Series shape	`brief spike`	A short spike can look severe in a chart but still fail the alert's evaluation logic.

How to Read This

Replay the signal exactly as the rule evaluates it. If the rule uses 5-minute averages and two evaluation periods, a one-minute spike is not enough evidence.

// Estimate ingestion delay for a log-search alert source table
Perf
| where TimeGenerated > ago(6h)
| extend DelayMinutes = datetime_diff('minute', ingestion_time(), TimeGenerated)
| summarize AvgDelay=avg(DelayMinutes), P95Delay=percentile(DelayMinutes, 95), MaxDelay=max(DelayMinutes)

Column	Example data	Interpretation
`AvgDelay`	`1.6`	Typical ingestion lag.
`P95Delay`	`9`	If this approaches the rule window, misses become plausible.
`MaxDelay`	`17`	Large delay spikes justify widening alert windows or fixing the source pipeline.

How to Read This

Scheduled query rules are only as good as the data they can see in their evaluation window. If delay is close to or larger than that window, late data can make the rule look broken.

5.2 CLI Investigation¶

# Inspect a metric alert rule
az monitor metrics alert show \
    --resource-group $RG \
    --name $ALERT_RULE_NAME \
    --output json

Sample output:

{
  "enabled": true,
  "evaluationFrequency": "PT1M",
  "scopes": [
    "/subscriptions/<subscription-id>/resourceGroups/rg-prod/providers/Microsoft.Compute/virtualMachines/vm-prod-01"
  ],
  "severity": 2,
  "windowSize": "PT5M"
}

Interpretation:

enabled must be true.
evaluationFrequency and windowSize define what a real threshold crossing means.
Incorrect scopes are a common explanation for "this alert never fires."

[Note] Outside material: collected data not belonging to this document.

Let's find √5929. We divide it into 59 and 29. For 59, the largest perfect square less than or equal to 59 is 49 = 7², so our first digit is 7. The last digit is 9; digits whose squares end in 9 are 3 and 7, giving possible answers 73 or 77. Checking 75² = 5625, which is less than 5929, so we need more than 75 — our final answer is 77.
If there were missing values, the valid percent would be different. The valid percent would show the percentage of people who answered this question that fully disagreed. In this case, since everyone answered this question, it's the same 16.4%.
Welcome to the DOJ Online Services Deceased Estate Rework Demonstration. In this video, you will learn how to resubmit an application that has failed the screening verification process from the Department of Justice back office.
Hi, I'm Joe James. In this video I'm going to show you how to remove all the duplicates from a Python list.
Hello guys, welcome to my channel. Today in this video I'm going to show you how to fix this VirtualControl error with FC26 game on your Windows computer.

# Inspect a scheduled query rule
az monitor scheduled-query show \
    --resource-group $RG \
    --name $ALERT_RULE_NAME \
    --output json

Sample output:

{
  "enabled": true,
  "evaluationFrequency": "PT5M",
  "scopes": [
    "/subscriptions/<subscription-id>/resourceGroups/rg-monitor/providers/Microsoft.OperationalInsights/workspaces/law-prod"
  ],
  "windowSize": "PT10M"
}

Interpretation:

Replay the rule against the same windowSize and evaluationFrequency.
Disabled or mis-scoped rules are configuration problems, not alerting bugs.
Keep this output beside the manual KQL replay to avoid comparing different windows.

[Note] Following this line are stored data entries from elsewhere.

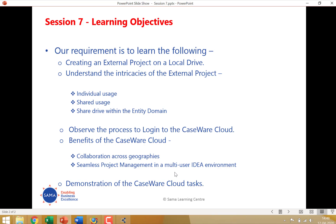Once again, remember the cloud access is available only to IDEA users who have the standard IDEA license. So you need to be a standard IDEA license user and then you can use the cloud. Thank you very much for attending session seven. And we hope to bring you more online training sessions in the days ahead. Thank you.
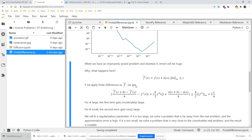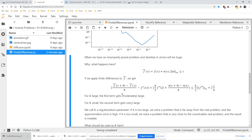We can forget about that and just apply finite differences to f tilde. We compute f tilde of x plus h minus f tilde of x over h, minus the true solution f prime of x. Inserting the formulas, this equals h over 2 times the second derivative at xi, plus n of x plus h minus n of x, all over h. The first term is bounded by h over 2 times the infinity norm of the second derivative. Since n is bounded between minus epsilon and epsilon, the second term is bounded by 2 epsilon over h.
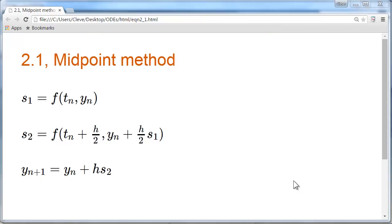The cost of a numerical method for solving ordinary differential equations is measured by the number of times it evaluates the function f per step. Euler's method evaluates f once per step.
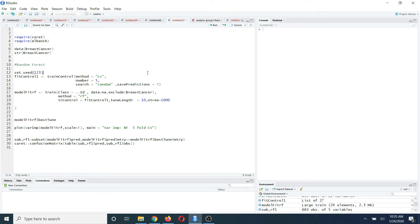Hi everyone. Today I am going to show you, as a continuation of my previous video, how to do cross-validation using only two lines of code for the random forest algorithm. In my previous video I showed you how to do a random hyperparameter search for lasso logistic regression using grid search, which is a systematic search. In this video for random forest, I am going to show you how to do this hyperparameter search using another technique called random search.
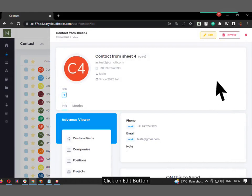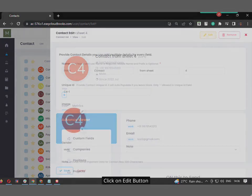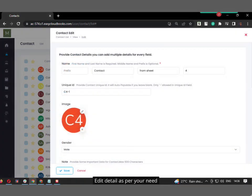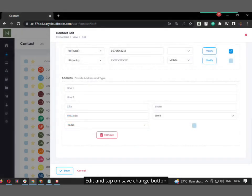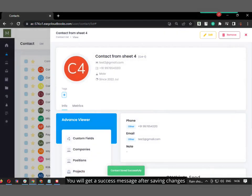Click on the Edit button. Edit the details as per your need, then tap on the Save Changes button. You will get a success message after saving the changes.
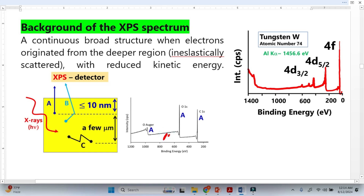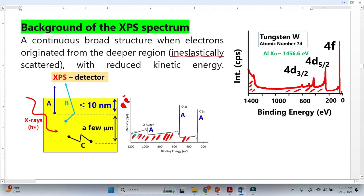Why is there a background in every XPS spectrum? This is very conceptual information. If you look at this XPS spectrum for tungsten, there is a background here, and this background increases as we go toward higher binding energy. Looking at the y-axis, these represent the number of electrons counted per second. This means the background is also at a certain intensity, so the background is also made from electrons — the XPS detector detects electrons.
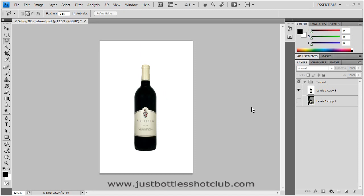Hello folks, Tom Nelson here. Today's tutorial is how to select a bottle in Photoshop CS4. There are a number of different ways to do this, but this tutorial is designed to give you one specific methodology. This is the methodology we use here at the Just Bottle Shots Club. So let's get started.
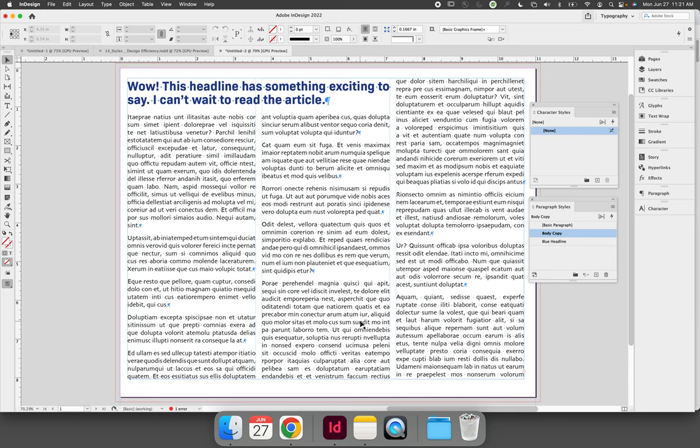When working with character styles, you are inherently working with paragraph styles at the same time. A character style is an instance within a paragraph that is different from the overall paragraph.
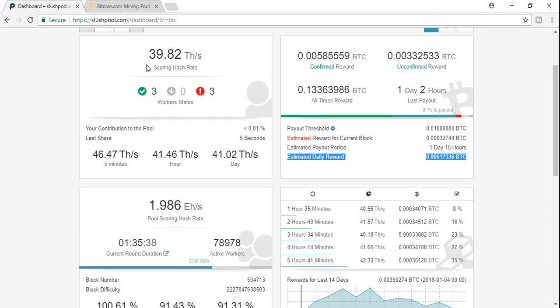I'm about to switch all the machines over to Slush Pool and start going 100% with them. In no way am I endorsing or telling you guys to go with one mining pool over the other. I'm just going through my trials and errors and I want to show you what's working best for me. All right, good luck guys.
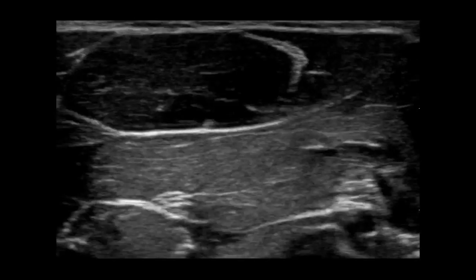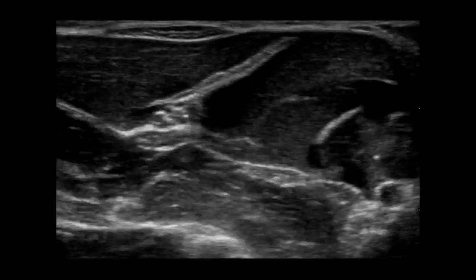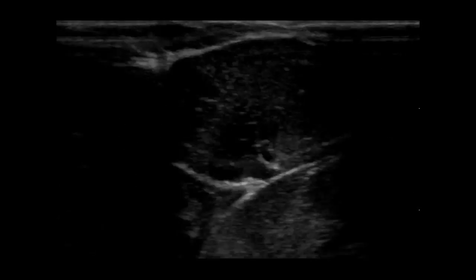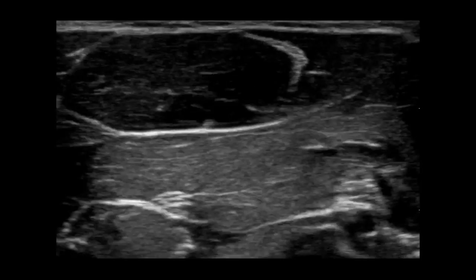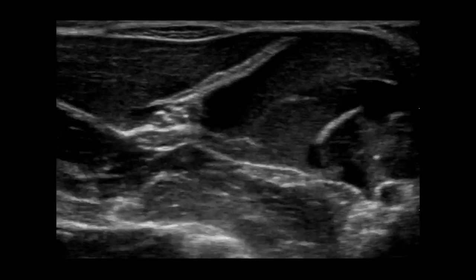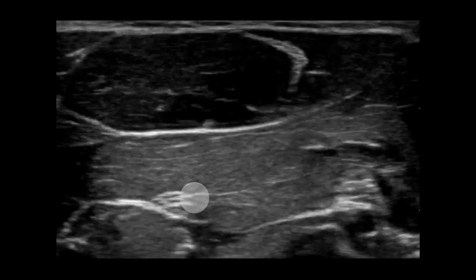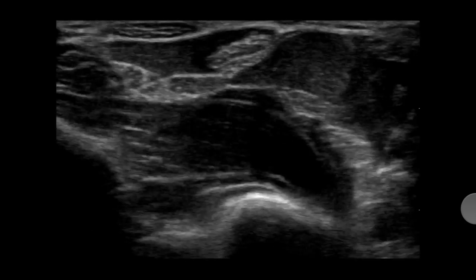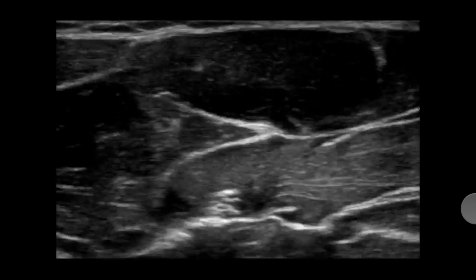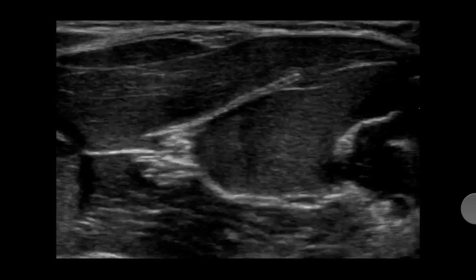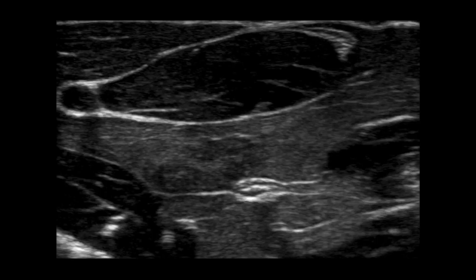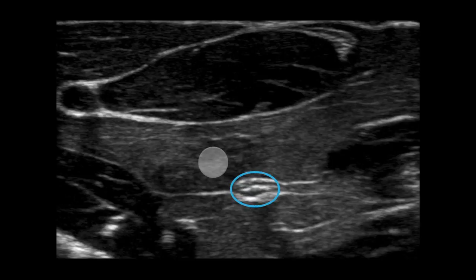Watch as we slide the probe briskly up towards the elbow. Notice how our tendons are becoming muscles — changing in size and caliber. See if you can notice the one thing on the screen that stays static. This is your median nerve. Here is a still image of the median nerve in the proximal forearm. Notice that honeycomb-like appearance and that hyperechogenicity — bright white. Notice the muscle tissues surrounding it, as well as the hyperechoic fascial lines.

# List alert processing rules that may suppress notifications
az monitor alert-processing-rule list \
    --resource-group $RG \
    --output json

Sample output:

[
  {
    "enabled": true,
    "name": "suppress-maintenance-window",
    "scopes": [
      "/subscriptions/<subscription-id>/resourceGroups/rg-prod"
    ]
  }
]

Interpretation:

If scope and schedule overlap the incident, notifications may be intentionally suppressed.
This does not necessarily stop the alert from evaluating; it changes downstream delivery.
Always compare suppression scope with the rule target resource.

# Inspect the action group tied to the rule
az monitor action-group show \
    --resource-group $RG \
    --name $ACTION_GROUP_NAME \
    --output json

Sample output:

{
  "enabled": true,
  "emailReceivers": [
    {
      "name": "oncall-email",
      "status": "Enabled"
    }
  ],
  "webhookReceivers": [
    {
      "name": "incident-webhook",
      "serviceUri": "https://example.invalid/alerts"
    }
  ]
}

Interpretation:

Disabled or misconfigured receivers explain missing notifications after activation.
Check webhook endpoints and automation permissions if delivery is inconsistent.
Keep the action group investigation separate from rule evaluation logic.

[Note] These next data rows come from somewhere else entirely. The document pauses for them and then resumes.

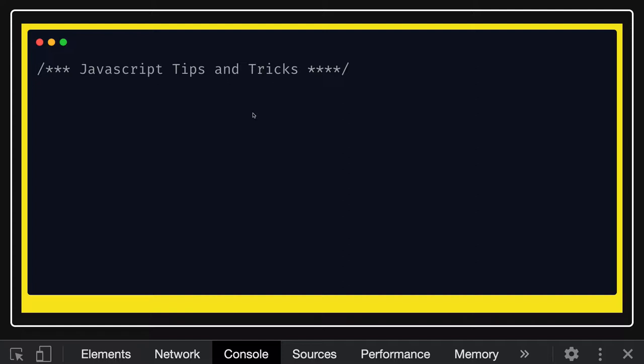Hi everyone and welcome back. Welcome to this playlist where I'm covering more about JavaScript — miscellaneous topics, tips and tricks, JavaScript objects, arrays, cloning, and many different topics. If you are just learning JavaScript, this is going to help you very much in understanding the core concepts of JavaScript.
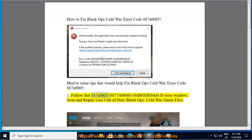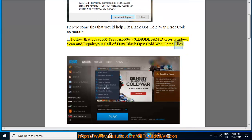These tips apply to error codes 8870005, 8877A0006, and 0XB93-0A6, as well as the dError window. Tip 1: Scan and repair your Call of Duty Black Ops Cold War game files.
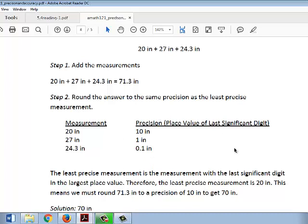The least precise measurement is the measurement with the last significant digit in the largest place value. Therefore, the least precise measurement is 20 inches, because its last significant digit is in the largest place value — the tens place. That's the largest place value of these three. This means we have to round our answer of 71.3 inches to a precision of 10 inches, rounding to the tens place, giving us 70 inches.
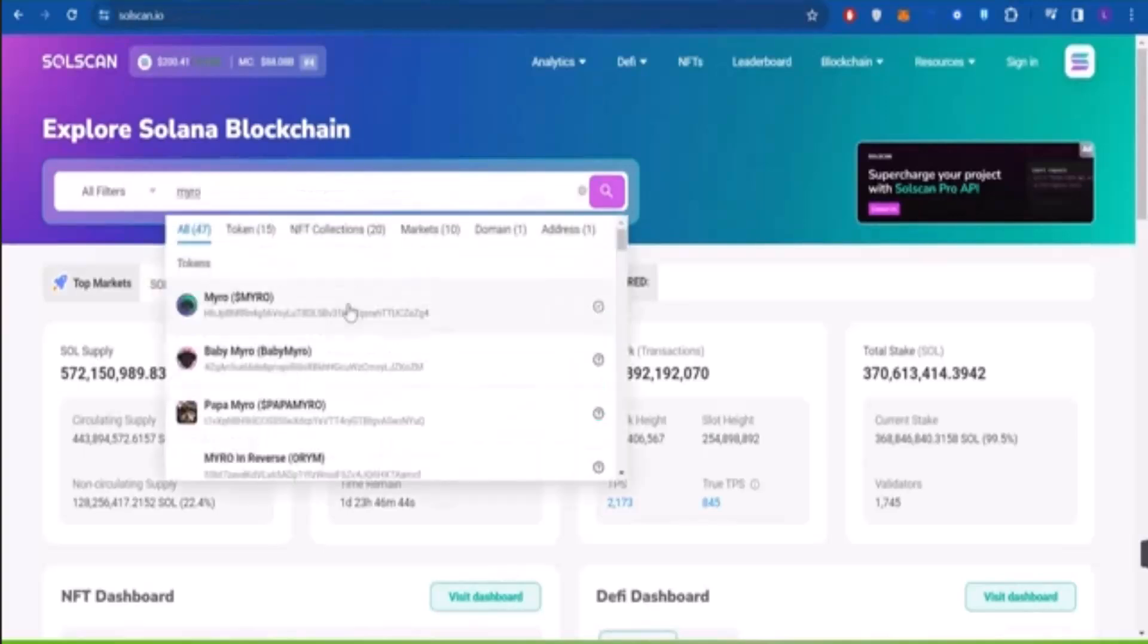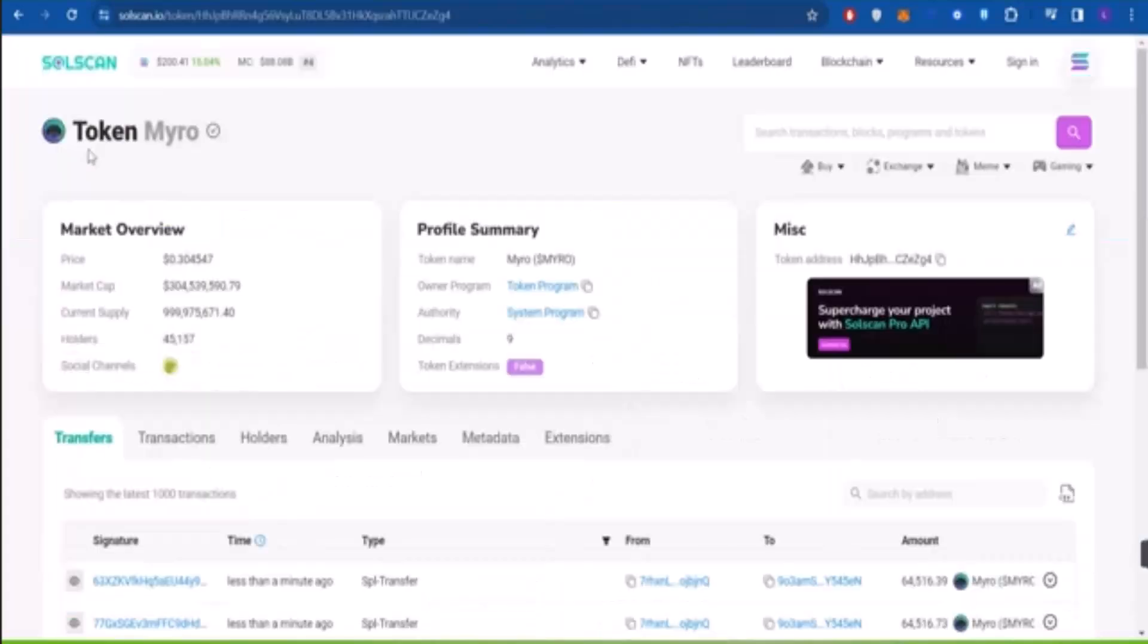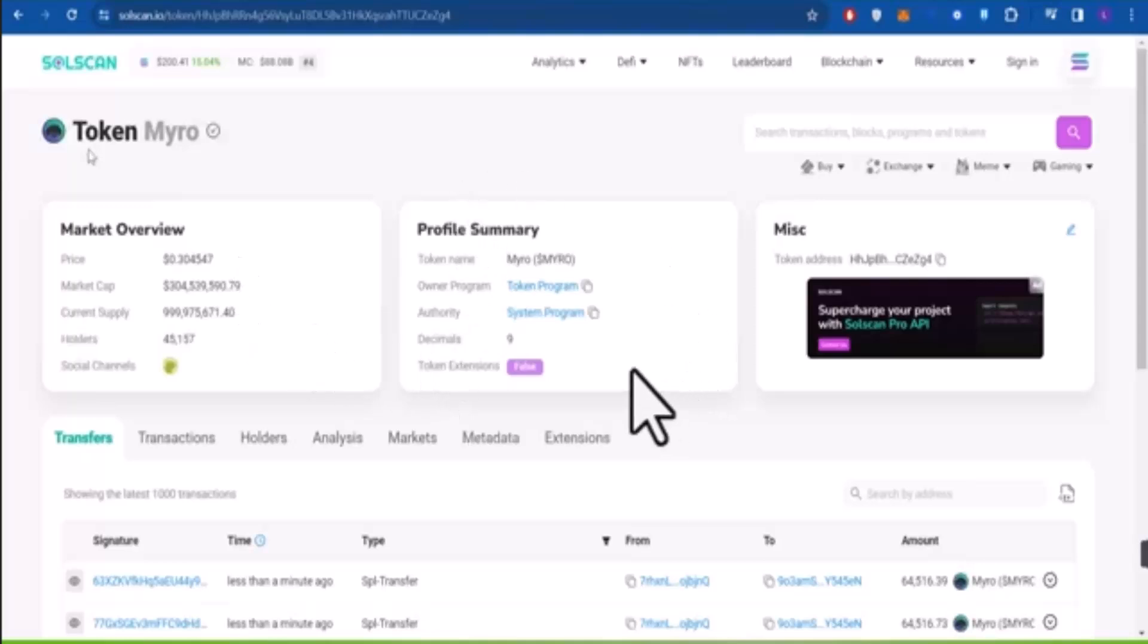When you locate Milo, go ahead and press that. Now it's going to take you to a field where you can see market overview as well as profile summary.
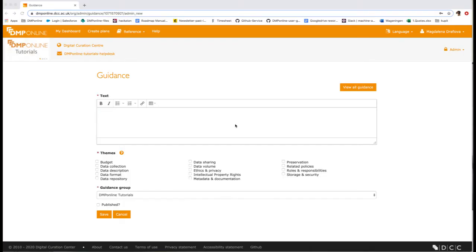Hello everyone and welcome to the DMP online tutorial on setting up DMP online. In this short video, I'll explain how to create theme guidance.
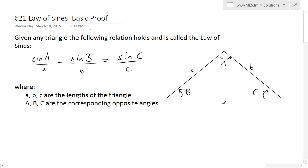This is a more common way of writing the law of sines. Basically, given any triangle, the following relation holds and is called the law of sines or the sine law: sine of capital A over little a equals sine of capital B over little b, equals sine of capital C over little c. Here a, b, and c are the lengths of the sides of a triangle, and capital A, B, and C are the corresponding opposite angles. So for example, if this is little a, the opposite angle is capital A, and similarly for B and C.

6. Validation and Disproof by Hypothesis¶

Hypothesis 1: The signal never met the exact rule logic¶

Proves if: Section 5.1 Query 3 fails to cross the actual threshold across the actual window and dimensions.

Disproves if: Manual replay exactly matches the rule logic and should have activated.

Test with: Section 5.1 Query 3 plus Section 5.2 CLI command 1 or 2.

Hypothesis 2: The alert rule was disabled, mis-scoped, or unhealthy¶

Proves if: CLI shows enabled: false, wrong scope, or configuration drift.

Disproves if: Rule state and scope are correct.

Test with: Section 5.2 CLI command 1 or 2 and Section 5.1 Query 1.

Hypothesis 3: Evaluation timing or ingestion delay prevented activation¶

Proves if: Data arrives after the rule window or only brief spikes occur inside a longer evaluation window.

Disproves if: Delay is low and the signal sustained the threshold across the required period.

Test with: Section 5.1 Queries 3 and 4.

Hypothesis 4: An alert processing rule suppressed notifications¶

Proves if: Processing rules target the same scope and time as the missed incident.

Disproves if: No relevant processing rule exists.

Test with: Section 5.2 CLI command 3.

Hypothesis 5: Action group delivery failed¶

Proves if: Alert history or Azure Activity shows activation but notification actions failed.

Disproves if: There is no evidence the alert ever activated.

Test with: Section 5.1 Query 2 plus Section 5.2 CLI command 4.

Hypothesis 6: Dimensions or dynamic thresholds changed the expected result¶

Proves if: The rule uses dimensions or adaptive logic that differ from the operator's broad chart view.

Disproves if: The rule uses simple static thresholds with no dimension splits.

Test with: Section 5.2 CLI command 1 or 2 and manual signal replay per dimension.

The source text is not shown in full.